Don't let those turkey drippings from your Thanksgiving roast go to waste! This delicious turkey gravy recipe is quick and easy to make.
Ingredients
½cup(120ml)reserved fat, from pan drippings or unsalted butter
½cup(72g)all-purpose flour
4cups(960ml)roasting juices, from pan drippings
4cups(960ml)turkey stock, or chicken stock, as needed
(6g)kosher salt, as needed for seasoning
black pepper, as needed for seasoning
Instructions
Collect the Drippings - After cooking the roast turkey, scrape the browned bits (fond) stuck to the bottom of the pan, using the juices to help dissolve the drippings.
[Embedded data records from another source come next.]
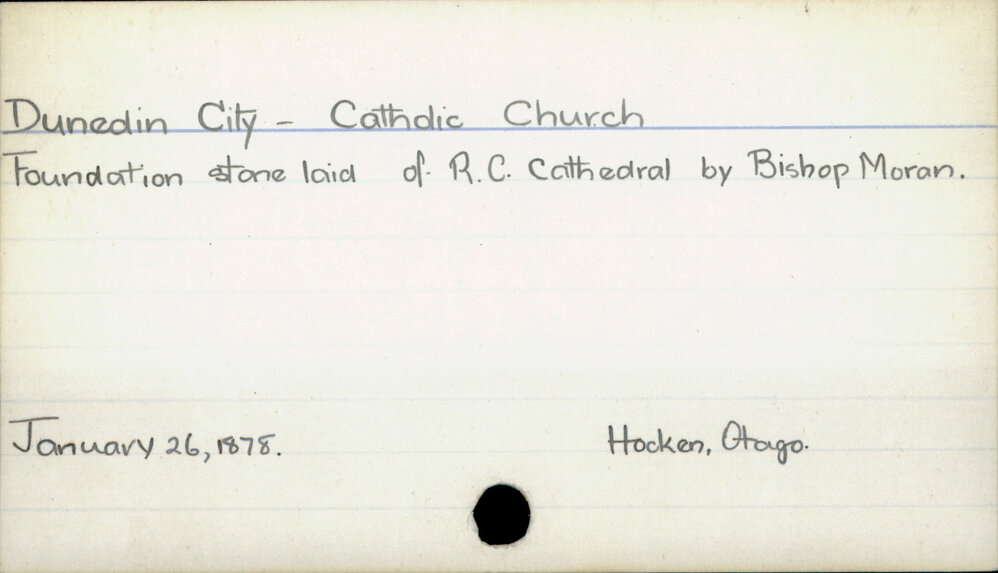 Dunedin City  -  Catholic Church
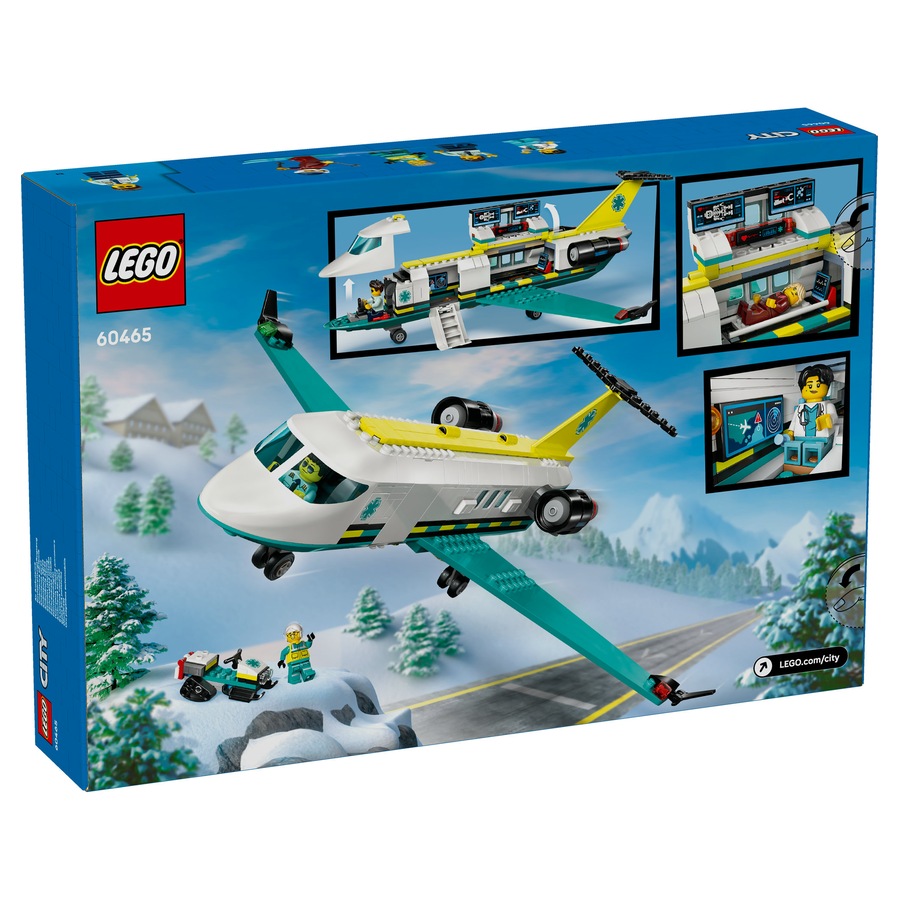 LEGO City Emergency Air Ambulance Airplane 60465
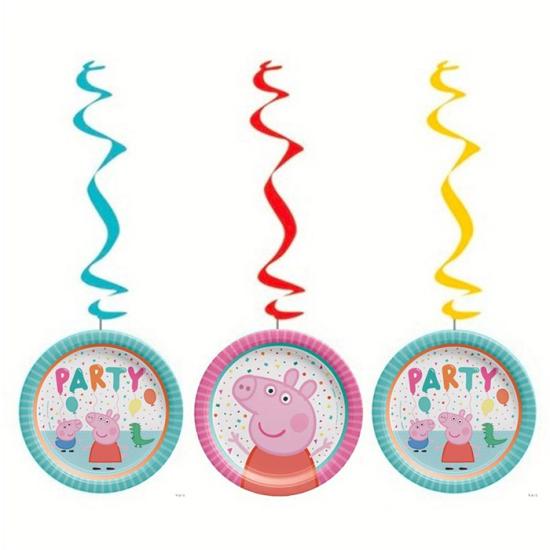 Peppa Pig Temalı Sarkıt Asma İp Süs 3’lü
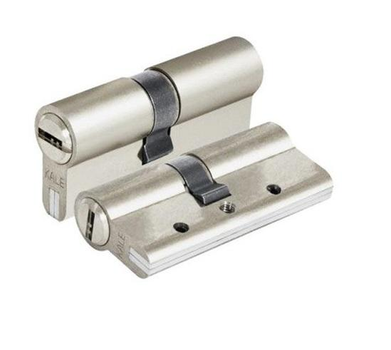 Циліндр латунний з вставкою KALE 164 DBNЕ 62 mm (26*10*26) 5 ключів, нікель (ЗС1013)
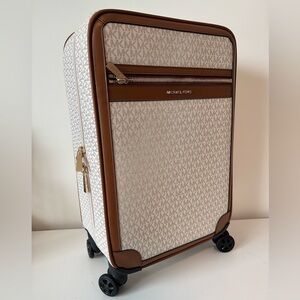 Michael Kors Signature Logo Suitcase in Vanilla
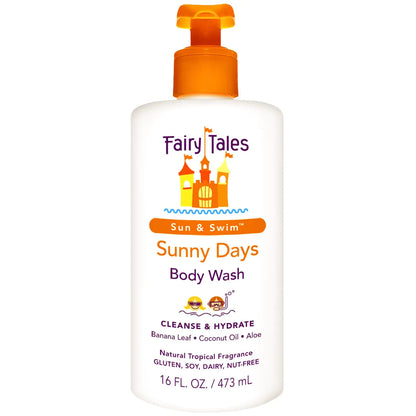 Fairy Tales Sunny Days Chlorine Removal Body Wash – 16oz After-Swim Cleanser for All Ages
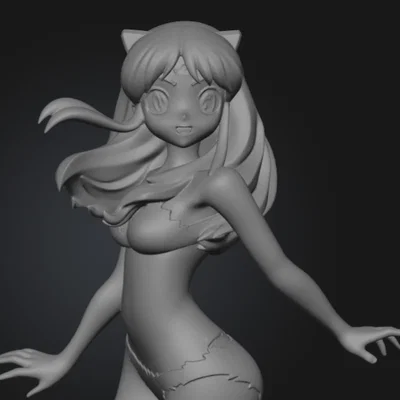 Mô hình 3D nhân vật Lamù phong cách Anime cực đẹp
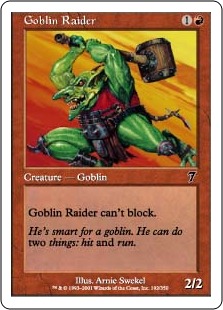 【ENG】【Foil】《ゴブリンの略奪者/Goblin Raider》[7ED]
A small amount of water and heating the pan over low heat can help loosen the fond.
Separate the Fat - Pour the juices, fond, and fat drippings into a measuring cup or fat separator. Allow it to sit and separate until the fat rises to the surface, about 10 minutes. Refrigerate or freeze to speed up the process. Reserve the fat and pour the juices into a measuring cup. Add store-bought turkey or chicken stock to reach a total of 4 cups.
Make a Roux - In a large saute pan, add ½ cup of reserved fat and ½ cup of flour. If you don’t have enough fat, use butter. Heat the pan over medium heat, whisk, and cook for 1 minute.
Add the Juices- Turn the heat to medium-high. Gradually whisk the juices into the pan, cooking for about 3 to 5 minutes or longer for a thicker consistency. For a thinner sauce, add more juice or stock. Season gravy with salt and pepper to taste.
To Serve - For a smoother consistency, strain the sauce if desired. Serve hot and rewarm if needed.
Notes
Recipe Yield: 4 cups
Serving Size: 1/4 cup
No Pan Drippings: Use 1/2 cup unsalted butter and 4 cups turkey/chicken stock or broth.
Substituting Cornstarch or Arrowroot Powder: If using cornstarch or arrowroot powder to substitute flour, heat the juices, stock, or broth first until boiling, and then whisk in the starch slurry. The drippings and butter are not needed unless a small amount is added for flavor.
Cornstarch: Combine 1/4 cup cornstarch and 1/2 cup water to make a slurry. Whisk into the hot liquid until thickened, about 1 minute.
Arrowroot Powder: Combine 1/3 cup arrowroot powder with 2/3 cup water. Whisk into the hot liquid until thickened, about 1 minute.
For Extra Flavor: Chopped herbs like thyme, rosemary, and sage can be added at the end of cooking.
Storing: Cool and store in an airtight container for up to 4 days.
Freezing: Store in a resealable bag or airtight content for up to 4 months. Defrost and reheat.